Il terreno del biopic, si sa, è particolarmente scivoloso e gli utenti di Twitter non perdonano a Dalida, il film con Sveva Alviti trasmesso ieri su Raiuno, di non aver raccontato a fondo la vita dell’artista francese. Ecco, secondo noi, cosa non ha funzionato
Sveva Alviti, elegante e bellissima, restituisce a Dalida la malinconia che trasmettevano le sue canzoni ma, complice un doppiaggio non all’altezza, non riesce a spingersi oltre, evitando che il pubblico possa immedesimarsi appieno nel dramma di un’esistenza costellata di invidie e successi. La narrazione, per niente lineare, punta su brevi quadretti che cercano di fotografare Dalida nei momenti salienti della sua vita. Da bambina, quando veniva schernita per indossare gli occhiali; da ragazza, quando sognava di sposare il suo Lucien; da donna, quando cercava di fuggire dai paparazzi che la inseguivano.
Forse è stata proprio la voglia di «raccontare troppo» la vera pecca del film. Si sarebbe potuto scegliere di approfondire un episodio particolare, come in Jackie di Larraín, o di puntare su un unico aspetto della sua personalità, come il bisogno di dipendere da qualcuno.
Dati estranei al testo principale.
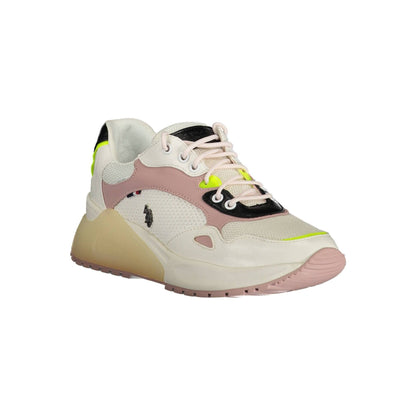 U.S. Polo Assn. Pantofi casual BONYE004W2YT1 ALB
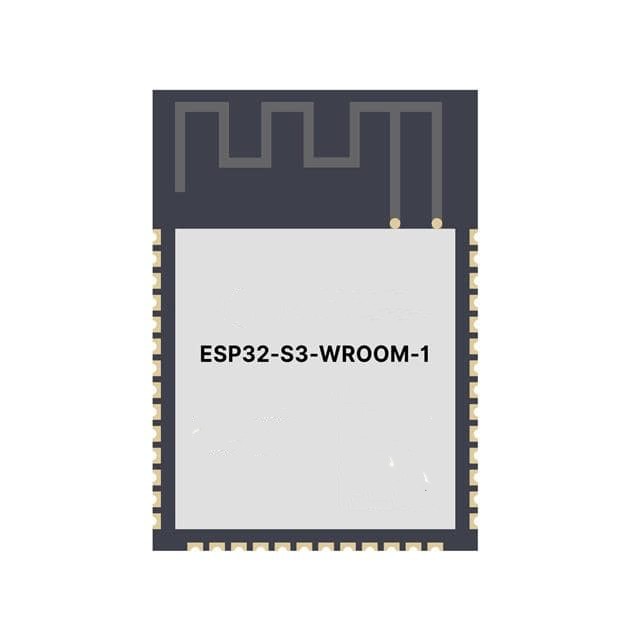 供求 ESP32-S3-WROOM-1-N4、ESP32-S3-WROOM-1-H4 2.4GHz Wi-Fi（802.11 b/g/n）和藍(lán)牙 5（LE）模塊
Invece si è preferito andare avanti e indietro nella vita di Dalida come un pendolo, senza il tempo di fermarsi un attimo per pensare, approfondire. La stessa passione per Luigi Tenco, interpretato da un ottimo Alessandro Borghi, si esaurisce in appena 8 minuti, incapaci di condurci per mano in una delle tragedie più importanti che la cantante affrontò in prima persona.
I presupposti c’erano tutti, ma la Azuelos si approccia alla materia con fare troppo prudente, quasi fermandosi alla superficie evitando di scavare nel profondo. Esattamente come avevano fatto Oliver Hirschbiegel con Diana – La storia segreta di Lady D e Oliver Dahan con Grace di Monaco. In questo Pablo Larraín avrebbe molto da insegnare, riuscendo a isolare una sfumatura del personaggio e fotografarla da tutte le angolazioni. Proprio come non è stato fatto con Dalida.